Google is leading a vast, covert human experiment. You may be one of the guinea pigs

by DANIEL ANGUS

PHOTO/AFP/Scroll

On January 13 the Australian Financial Review reported Google had removed some Australian news content from its search results for some local users.

Speaking to the Guardian, a Google spokesperson confirmed the company was “running a few experiments that will each reach about 1% of Google Search users in Australia to measure the impacts of news businesses and Google Search on each other”.
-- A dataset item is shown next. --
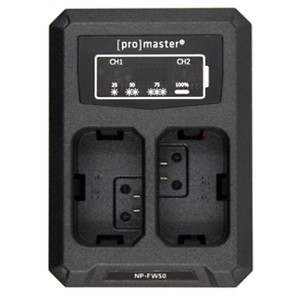 Dually Charger for Sony NP-FW50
So what are these “experiments”? And how concerned should we be about Google’s actions?

Engineering our attention

Google’s experiment (which is supposed to run until early February) involves displaying an “alternative” news website ranking for certain Australian users — at least 160,000, according to The Guardian. A Google spokesperson told The Conversation the experiment didn’t prevent users (being experimented on) from accessing a news story. Rather, they would not discover the story through Search and would have to access it another way, such as directly on a publisher’s website.

Google’s experiment is a form of “A/B testing”, which classically involves dividing a population randomly in half — into groups A and B — and subjecting each group to a different “stimulus”.

For example, in the case of web design, the two groups may be served different web layouts. This could be done to test changes to layout, the colour scheme or any other element.

Performance in A/B testing is judged on a range of factors, such as which links are clicked first, or the average time spent on a page. If group A perused the site longer than group B, the modification tested on group A may be considered favourable.

In Google’s case, we don’t know the motivation behind the tests. But we do know a small subset of users received different results to the majority and were not alerted.

The experiment has resulted in the promotion of dubious news sources over trusted ones, some of which have been known to publish disinformation (which intends to mislead) and misinformation (false claims that are spread regardless of intent).